A fossil fuel such as gasoline or light oil is burned in the internal combustion engine of a vehicle. The exhaust gas generated by burning of the fossil fuel contains environmental pollutants such as unburned carbon monoxide (CO), carbon hydride (HC), sulfur oxide (SOx), nitrogen oxide (NOx) and so forth, as well as water and carbon dioxide. In the recent years, various countermeasures to purify vehicle exhaust gas have been adopted particularly in order to protect the environment and prevent pollution of living environments.
One such countermeasure is the use of an exhaust gas purifying catalyst device. In this countermeasure, a three-way catalyst for purifying exhaust gas is placed midway in the exhaust system, where CO, HC, NOx and the like are decomposed by oxidation-reduction reaction to make them harmless. In order to ensure continuous decomposition of NOx in the catalyst device, a urea aqueous solution is sprayed over the catalyst from immediately upstream of the catalyst device in the exhaust system.
The urea aqueous solution is contained in a urea aqueous solution tank mounted in a vehicle and its concentration may change over time and in the tank, uneven concentration distribution may occur locally. Since the urea aqueous solution being supplied from the tank through a supply pipe to a spray nozzle by a pump is generally taken through the tank outlet near the tank bottom, for enhancement of the efficiency of the catalyst device it is important that the urea aqueous solution in this area has prescribed urea concentration.
It may actually happen that a liquid other than a urea aqueous solution is mistakenly contained in the urea aqueous solution tank. In that case, it is necessary to detect quickly that the liquid is not a urea aqueous solution with prescribed urea concentration and give a warning, in order for the catalyst device to fulfill its function.
For this reason, a fluid state identification device is used to determine whether or not the aqueous solution is a urea aqueous solution whereof urea concentration is within a prescribed range.

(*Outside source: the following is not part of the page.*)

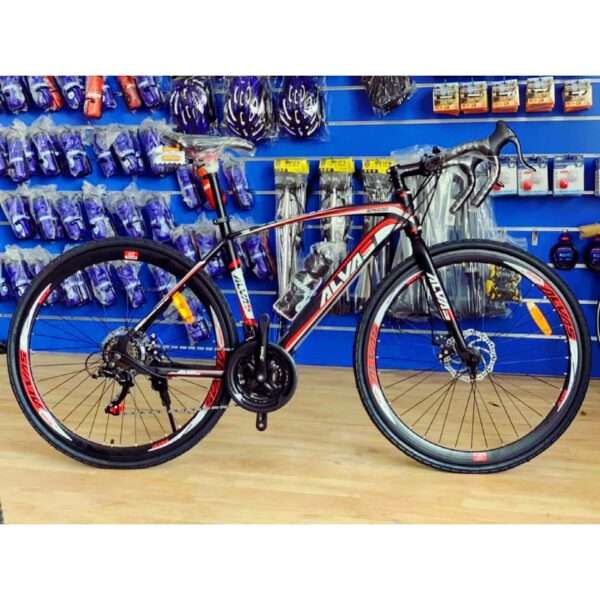 ALVAS Speedo 700 Road Bike - Red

An example of this type of fluid state identification device is described in JPA 2007-263950 and some such devices have an identification sensor part including a thermal sensor, such as particularly an indirectly-heated sensor (indirectly-heated liquid type detector).

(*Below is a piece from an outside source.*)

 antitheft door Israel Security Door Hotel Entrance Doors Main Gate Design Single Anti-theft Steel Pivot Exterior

JPA 2007-263950 points out that deterioration in the identification performance of a liquid identification device is caused by the presence of air bubbles in the measured liquid, and describes that the surface of the identification sensor is covered by a hydrophilic film so as to prevent adhesion of air bubbles and improve the identification performance. JPA 2007-263950 also points out that deterioration in the identification performance of the liquid identification device is caused by forced flow of the measured liquid, and describes that a flow control plate surrounding a thermal sensor is provided in the identification sensor part to improve the identification performance.
JPA 2005-84025 points out that deterioration in the identification performance of a liquid identification device with an identification sensor part including a thermal sensor is caused by forced flow of the measured liquid due to vibration of the tank, etc. and describes that the identification sensor part is surrounded by a covering body and a hole for circulation is made in the covering body so as to improve the identification performance.
JPA 2011-218670 describes that an identification sensor part including a thermal sensor is formed by molding and it is covered by a covering body and a hole through which a liquid passes is made in the covering body.
JPA 2011-242227 describes that a drip tube is located opposite to a sensing part in order to avoid the influence of foam diffusion due to dripping of a urea aqueous solution.